YOUR OBJECTIVE
Start with the first line of the data and end with the line that holds "Let's iterate through"; write out each one exactly.

[Excerpts from a dataset]

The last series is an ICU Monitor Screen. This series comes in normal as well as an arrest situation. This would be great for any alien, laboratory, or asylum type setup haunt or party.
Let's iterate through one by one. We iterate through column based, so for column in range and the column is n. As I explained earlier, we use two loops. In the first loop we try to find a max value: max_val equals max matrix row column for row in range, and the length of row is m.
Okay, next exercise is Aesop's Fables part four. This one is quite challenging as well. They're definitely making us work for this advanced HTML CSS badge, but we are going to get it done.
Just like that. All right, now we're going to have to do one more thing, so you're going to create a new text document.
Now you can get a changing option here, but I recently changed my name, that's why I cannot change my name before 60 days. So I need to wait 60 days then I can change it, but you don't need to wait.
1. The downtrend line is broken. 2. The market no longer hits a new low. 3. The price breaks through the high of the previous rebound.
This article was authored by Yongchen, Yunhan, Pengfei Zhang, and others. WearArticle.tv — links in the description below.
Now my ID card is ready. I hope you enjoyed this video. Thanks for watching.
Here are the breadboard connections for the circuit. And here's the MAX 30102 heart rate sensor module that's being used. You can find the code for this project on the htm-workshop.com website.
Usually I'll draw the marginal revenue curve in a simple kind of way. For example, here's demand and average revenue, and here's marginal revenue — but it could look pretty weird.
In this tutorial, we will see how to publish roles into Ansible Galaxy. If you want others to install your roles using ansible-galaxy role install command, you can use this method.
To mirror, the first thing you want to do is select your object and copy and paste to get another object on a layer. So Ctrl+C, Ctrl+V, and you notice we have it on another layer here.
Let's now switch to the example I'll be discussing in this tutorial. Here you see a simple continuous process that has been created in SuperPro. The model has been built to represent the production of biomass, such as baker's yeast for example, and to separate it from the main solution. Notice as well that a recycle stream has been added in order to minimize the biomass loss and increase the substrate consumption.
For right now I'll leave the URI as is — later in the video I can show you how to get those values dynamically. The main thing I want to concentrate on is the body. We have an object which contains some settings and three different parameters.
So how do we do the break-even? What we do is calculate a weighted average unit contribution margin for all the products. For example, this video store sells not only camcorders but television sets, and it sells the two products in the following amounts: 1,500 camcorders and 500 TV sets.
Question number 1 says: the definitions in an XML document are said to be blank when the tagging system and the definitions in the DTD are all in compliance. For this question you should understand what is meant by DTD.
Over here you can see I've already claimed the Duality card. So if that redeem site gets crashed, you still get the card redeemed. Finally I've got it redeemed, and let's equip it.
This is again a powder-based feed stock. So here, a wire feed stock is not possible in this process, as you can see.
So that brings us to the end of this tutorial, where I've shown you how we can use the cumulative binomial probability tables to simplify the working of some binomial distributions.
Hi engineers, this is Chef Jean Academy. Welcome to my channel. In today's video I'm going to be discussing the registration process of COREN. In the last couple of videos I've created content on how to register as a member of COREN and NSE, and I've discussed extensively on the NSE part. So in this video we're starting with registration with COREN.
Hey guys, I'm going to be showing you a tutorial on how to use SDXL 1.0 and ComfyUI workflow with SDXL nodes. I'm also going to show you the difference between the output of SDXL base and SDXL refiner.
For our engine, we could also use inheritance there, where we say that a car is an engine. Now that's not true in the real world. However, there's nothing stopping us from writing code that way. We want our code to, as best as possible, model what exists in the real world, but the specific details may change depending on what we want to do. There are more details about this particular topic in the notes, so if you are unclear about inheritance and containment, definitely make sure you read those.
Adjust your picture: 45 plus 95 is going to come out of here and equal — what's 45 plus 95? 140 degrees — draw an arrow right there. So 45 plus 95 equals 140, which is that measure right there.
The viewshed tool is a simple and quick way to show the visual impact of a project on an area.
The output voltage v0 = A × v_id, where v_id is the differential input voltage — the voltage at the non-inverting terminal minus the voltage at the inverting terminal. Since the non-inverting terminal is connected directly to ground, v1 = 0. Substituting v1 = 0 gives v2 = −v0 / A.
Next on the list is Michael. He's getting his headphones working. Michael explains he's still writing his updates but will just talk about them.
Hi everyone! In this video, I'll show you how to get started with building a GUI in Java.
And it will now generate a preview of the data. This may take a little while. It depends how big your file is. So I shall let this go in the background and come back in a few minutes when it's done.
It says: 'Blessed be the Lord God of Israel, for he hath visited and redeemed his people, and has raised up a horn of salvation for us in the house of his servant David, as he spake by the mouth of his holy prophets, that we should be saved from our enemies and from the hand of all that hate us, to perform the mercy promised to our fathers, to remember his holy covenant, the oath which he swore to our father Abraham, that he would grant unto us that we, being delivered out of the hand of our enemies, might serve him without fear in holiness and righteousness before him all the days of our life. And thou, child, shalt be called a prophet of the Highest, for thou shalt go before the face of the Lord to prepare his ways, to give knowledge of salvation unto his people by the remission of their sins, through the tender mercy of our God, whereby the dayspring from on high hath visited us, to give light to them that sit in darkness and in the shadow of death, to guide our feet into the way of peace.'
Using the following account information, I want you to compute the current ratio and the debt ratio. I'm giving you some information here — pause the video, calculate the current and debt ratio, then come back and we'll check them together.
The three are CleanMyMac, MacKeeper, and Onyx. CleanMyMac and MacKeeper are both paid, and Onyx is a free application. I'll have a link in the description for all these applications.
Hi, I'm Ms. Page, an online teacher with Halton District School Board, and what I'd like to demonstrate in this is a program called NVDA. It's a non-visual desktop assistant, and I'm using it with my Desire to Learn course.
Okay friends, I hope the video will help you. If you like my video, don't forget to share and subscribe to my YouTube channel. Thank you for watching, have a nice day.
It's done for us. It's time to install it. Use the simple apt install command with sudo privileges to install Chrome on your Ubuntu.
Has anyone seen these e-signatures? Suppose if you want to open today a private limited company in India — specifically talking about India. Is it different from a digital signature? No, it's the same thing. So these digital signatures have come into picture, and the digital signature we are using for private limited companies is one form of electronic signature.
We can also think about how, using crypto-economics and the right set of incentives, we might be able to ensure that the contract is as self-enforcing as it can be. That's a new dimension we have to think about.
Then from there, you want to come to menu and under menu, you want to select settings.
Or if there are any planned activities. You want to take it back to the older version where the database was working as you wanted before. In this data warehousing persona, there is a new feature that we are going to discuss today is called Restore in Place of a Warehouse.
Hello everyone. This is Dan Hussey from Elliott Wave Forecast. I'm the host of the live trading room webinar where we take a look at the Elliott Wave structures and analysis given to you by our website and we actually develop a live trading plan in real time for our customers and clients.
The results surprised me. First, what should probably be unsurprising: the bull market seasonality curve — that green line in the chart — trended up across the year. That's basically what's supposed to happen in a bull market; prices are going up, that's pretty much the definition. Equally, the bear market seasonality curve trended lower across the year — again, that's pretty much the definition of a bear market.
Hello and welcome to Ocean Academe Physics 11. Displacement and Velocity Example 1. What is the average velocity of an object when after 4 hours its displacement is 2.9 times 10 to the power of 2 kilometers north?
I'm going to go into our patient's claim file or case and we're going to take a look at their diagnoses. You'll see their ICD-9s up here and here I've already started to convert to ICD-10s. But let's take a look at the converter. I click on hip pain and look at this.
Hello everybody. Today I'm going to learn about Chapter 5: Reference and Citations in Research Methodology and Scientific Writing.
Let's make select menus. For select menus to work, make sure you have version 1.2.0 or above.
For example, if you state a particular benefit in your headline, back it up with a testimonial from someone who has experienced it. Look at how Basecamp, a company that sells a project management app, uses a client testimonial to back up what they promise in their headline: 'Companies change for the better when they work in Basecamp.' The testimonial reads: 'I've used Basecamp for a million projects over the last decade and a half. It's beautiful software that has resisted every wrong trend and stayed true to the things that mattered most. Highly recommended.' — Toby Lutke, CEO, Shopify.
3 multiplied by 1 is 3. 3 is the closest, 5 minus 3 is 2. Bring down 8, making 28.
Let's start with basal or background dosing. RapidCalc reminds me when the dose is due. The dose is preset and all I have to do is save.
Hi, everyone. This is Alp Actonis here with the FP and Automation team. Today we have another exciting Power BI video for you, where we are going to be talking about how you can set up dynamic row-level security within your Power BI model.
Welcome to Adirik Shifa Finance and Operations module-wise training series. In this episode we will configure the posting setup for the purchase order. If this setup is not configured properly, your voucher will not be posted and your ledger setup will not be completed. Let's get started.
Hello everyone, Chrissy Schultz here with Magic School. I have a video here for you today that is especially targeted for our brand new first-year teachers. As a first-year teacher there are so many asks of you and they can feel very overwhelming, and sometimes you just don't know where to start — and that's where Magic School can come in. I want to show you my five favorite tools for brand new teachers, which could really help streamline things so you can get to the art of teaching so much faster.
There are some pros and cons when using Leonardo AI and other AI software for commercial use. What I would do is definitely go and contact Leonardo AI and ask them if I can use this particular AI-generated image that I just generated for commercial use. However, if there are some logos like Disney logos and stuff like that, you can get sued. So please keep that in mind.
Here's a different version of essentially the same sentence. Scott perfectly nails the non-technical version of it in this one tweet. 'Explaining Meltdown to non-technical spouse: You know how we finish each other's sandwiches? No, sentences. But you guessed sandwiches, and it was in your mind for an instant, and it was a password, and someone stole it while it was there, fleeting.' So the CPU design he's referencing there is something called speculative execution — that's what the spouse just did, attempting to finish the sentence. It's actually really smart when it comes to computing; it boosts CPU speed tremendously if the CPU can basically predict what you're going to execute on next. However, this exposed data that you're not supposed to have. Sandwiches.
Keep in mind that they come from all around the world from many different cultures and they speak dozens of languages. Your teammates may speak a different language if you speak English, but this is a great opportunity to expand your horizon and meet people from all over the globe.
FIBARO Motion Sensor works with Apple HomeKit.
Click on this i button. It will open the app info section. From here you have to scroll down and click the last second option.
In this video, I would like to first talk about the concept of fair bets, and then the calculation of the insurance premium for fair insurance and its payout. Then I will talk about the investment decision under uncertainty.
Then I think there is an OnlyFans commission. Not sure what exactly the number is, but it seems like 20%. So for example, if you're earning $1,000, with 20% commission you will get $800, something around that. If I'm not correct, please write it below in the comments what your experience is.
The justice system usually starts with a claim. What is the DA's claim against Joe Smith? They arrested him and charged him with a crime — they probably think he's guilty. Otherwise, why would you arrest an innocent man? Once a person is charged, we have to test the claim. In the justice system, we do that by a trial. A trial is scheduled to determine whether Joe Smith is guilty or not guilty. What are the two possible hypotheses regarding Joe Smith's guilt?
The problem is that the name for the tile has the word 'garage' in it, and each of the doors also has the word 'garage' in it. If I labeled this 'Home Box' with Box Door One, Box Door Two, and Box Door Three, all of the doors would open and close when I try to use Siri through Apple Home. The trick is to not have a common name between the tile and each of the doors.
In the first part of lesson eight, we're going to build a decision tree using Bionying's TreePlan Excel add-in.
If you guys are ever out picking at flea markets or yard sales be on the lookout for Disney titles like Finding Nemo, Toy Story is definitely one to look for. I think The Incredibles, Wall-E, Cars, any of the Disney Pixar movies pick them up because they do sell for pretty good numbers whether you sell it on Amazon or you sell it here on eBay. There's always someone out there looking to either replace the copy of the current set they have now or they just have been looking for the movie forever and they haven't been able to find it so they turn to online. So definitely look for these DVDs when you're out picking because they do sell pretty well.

OUTPUT OF THE TASK
The last series is an ICU Monitor Screen. This series comes in normal as well as an arrest situation. This would be great for any alien, laboratory, or asylum type setup haunt or party.
Let's iterate through one by one. We iterate through column based, so for column in range and the column is n. As I explained earlier, we use two loops. In the first loop we try to find a max value: max_val equals max matrix row column for row in range, and the length of row is m.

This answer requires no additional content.